Minnesota's Backyard: Steep bluffs and prairies in the sky among the stunning views at Frontenac State Park
This region of Minnesota that has been home to people since 400 B.C. did not officially become a state park until 1957, but today there are 2,600 acres of Mississippi River bluff land preserved, featuring one of the most stunning picnic table views found anywhere.
FRONTENAC, Minn. — There are plenty of great places to get a bite to eat along southeast Minnesota’s Mississippi River corridor, which runs roughly from Inver Grove Heights on the southeastern edge of the Twin Cities to the Iowa border. And many of these eateries have great views of the water.
But for the consummate meal with a view, you would be wise to pack a lunch. The main picnic area at Frontenac State Park , which includes tables, shelters, grills and fire rings for visitors to use, features a jaw-dropping view of the river, Lake Pepin and the Wisconsin bluff lands on the other side.
It serves as a perfect welcome to this place of contrasts. In the Driftless region of the state, flat land is a rarity and the wooded bluff tops often feature vistas hundreds of feet above the pleasure boats and fully-loaded barges making their way up and down America’s best-known river. But this popular state park also features places where visitors can hike among “islands” of rolling prairie grassland atop those bluffs, for a kind of “best of both worlds” experience.
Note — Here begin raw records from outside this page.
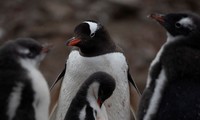 Virus cúm gia cầm lần đầu lan đến lục địa Nam Cực, đàn chim cánh cụt bị đe doạ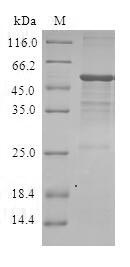 Human DIRAS3 protein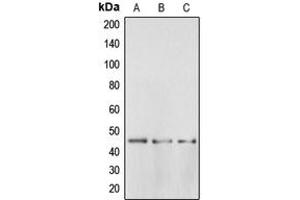 Western blot analysis of BRS3 expression in MDAMB231 (A), H4 (B), PC3 (C) whole cell lysates. (BRS3 antibody  (Center))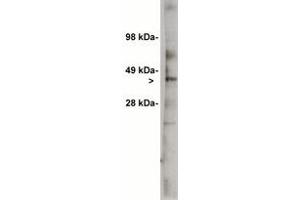 Image no. 1 for anti-UDP-Glucose Ceramide Glucosyltransferase (UGCG) antibody (ABIN201738) (UGCG Antikörper)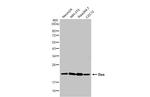 Bax Antibody in Western Blot (WB)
While Frontenac’s bluffs and vistas did not officially become a state park until 1957, there is evidence of indigenous cultures living here as far back as 400 B.C. In more recent history, French explorers came up the river and established a fort on the shore of Lake Pepin in 1727. The region’s first European explorers and settlers made note of this sharp rise in the land along the river’s west bank as far back as the 1840s, when the village of Frontenac was just getting settled.
Today, there are myriad ways to explore the bluffs, the most popular being on foot. The park’s 2,600 acres feature all varieties of trail experiences, from the leisurely prairie strolls to the countless steep stairs up and down the bluffs, which descend more than 400 feet to the shore of the river, for a walk along sandy beaches (depending on the water level).
In the spring, Frontenac is a migratory bird-watcher’s paradise, especially for those who love the majestic eagles that float on the gusts that flow through the Mississippi valley. If you are up for an overnight, there are a number of camping options, from a traditional campground to cart-in and backpack sites. And there are paddle sports options on Pleasant Valley Lakelet, which is just down the hill from the park entrance.
In the winter, the terrain makes for a beautiful and challenging place for cross-country skiers to get a real Minnesota cold-weather experience.
Lake Pepin, just to the south of Frontenac, is not technically a lake at all. This wide spot in the Mississippi is 22 miles long and as much as two miles wide, straddling the Minnesota-Wisconsin border, with numerous public access points. And in this region, there is notable history that came from communities on both sides of the Big Muddy. The small town of Pepin, Wisconsin, is the birthplace of renowned American author Laura Ingalls Wilder, who gave us the famed “Little House on the Prairie” series of books, about the lives of European settlers in the northern United States. And in 1922, a 19-year-old from Lake City , Minnesota, named Ralph Samuelson perfected the concept of wearing skis to glide across the lake while being towed by a powerboat, and thus the sport of water skiing was born.
This article is part of the " Minnesota's Backyard " series which returns for the summer of 2022.